▶ [YOUR OBJECTIVE]: Retype, word for word, every line of the records below starting at the one that contains "Set of Three" and ending at the one that contains "Lucide XERA - Lámpara"; include both of those lines and nothing more.

▶ [MATERIAL SHOWN]:
━━━━━━━━━━

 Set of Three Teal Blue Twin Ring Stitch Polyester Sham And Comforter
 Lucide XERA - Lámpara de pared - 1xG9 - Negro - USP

━━━━━━━━━━

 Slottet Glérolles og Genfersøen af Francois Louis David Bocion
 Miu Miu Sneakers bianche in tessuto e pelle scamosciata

━━━━━━━━━━

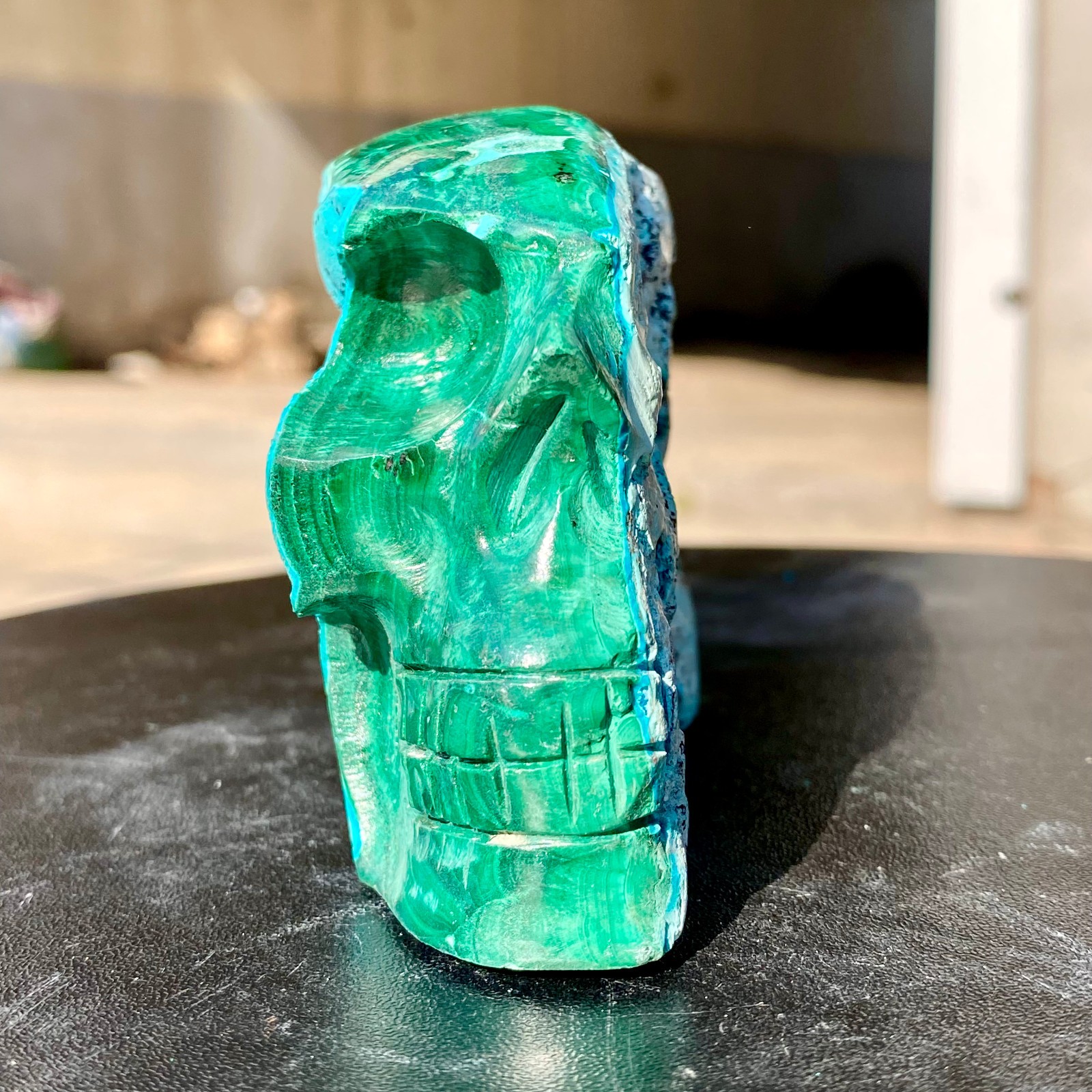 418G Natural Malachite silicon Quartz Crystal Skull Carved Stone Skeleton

━━━━━━━━━━

▶ [RESPONSE AREA]:
 Set of Three Teal Blue Twin Ring Stitch Polyester Sham And Comforter
 Lucide XERA - Lámpara de pared - 1xG9 - Negro - USP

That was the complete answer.